You have a column of dates in three different formats, a species column that plots in the wrong order, and a free-text field full of trailing whitespace and inconsistent capitalization. Numbers behave; text, categories, and time do not. This chapter covers the three types that derail an afternoon: strings, factors, and dates. Each has a dedicated tidyverse package (stringr, forcats, lubridate), each comes with traps that catch beginners, and none of them will feel fully tamed by the end of a single chapter. The three topics are independent; skip to whichever one is causing you trouble right now.

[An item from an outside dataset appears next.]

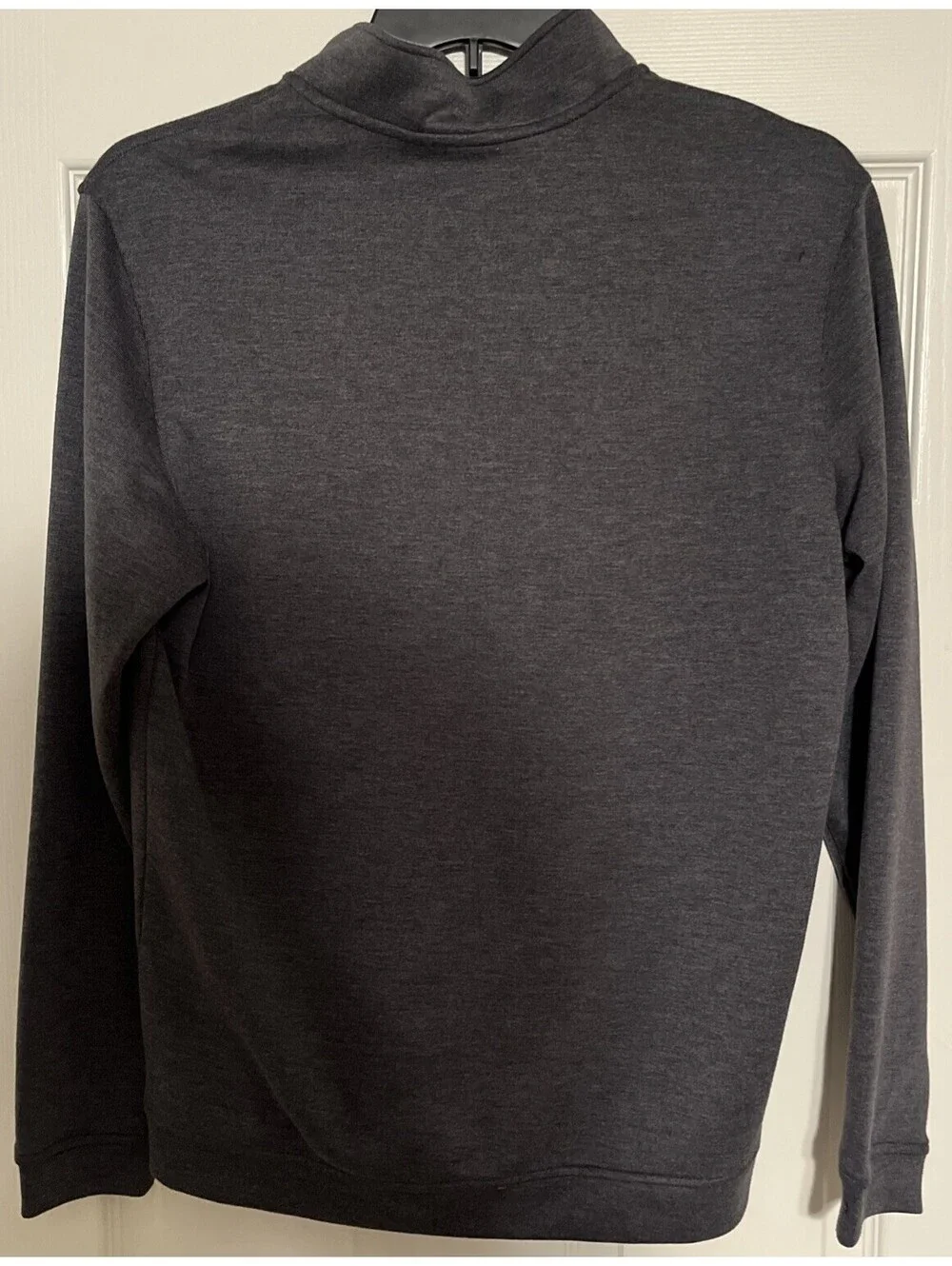 Adidas Golf Men’s Quarter-Zip Pullover Gray Size Medium Performance Very Clean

We will use the palmerpenguins dataset throughout. Load it now:

library(palmerpenguins)
#> 
#> Attaching package: 'palmerpenguins'
#> The following objects are masked from 'package:datasets':
#> 
#>     penguins, penguins_raw
library(stringr)
library(forcats)
library(lubridate)
#> 
#> Attaching package: 'lubridate'
#> The following objects are masked from 'package:base':
#> 
#>     date, intersect, setdiff, union

12.1 Character vectors

A string in R is a character vector of length 1. There is no special string type: "hello" is character(1), the same kind of atomic vector you met in Section 4.2.

x <- "hello"
typeof(x)
#> [1] "character"
length(x)
#> [1] 1

Double quotes and single quotes both work. Pick one and stick with it.

TipOpinion

Use double quotes. R’s own style guide does, and so does most code you will encounter in the wild. Single quotes earn their keep inside double-quoted strings: "it's easy".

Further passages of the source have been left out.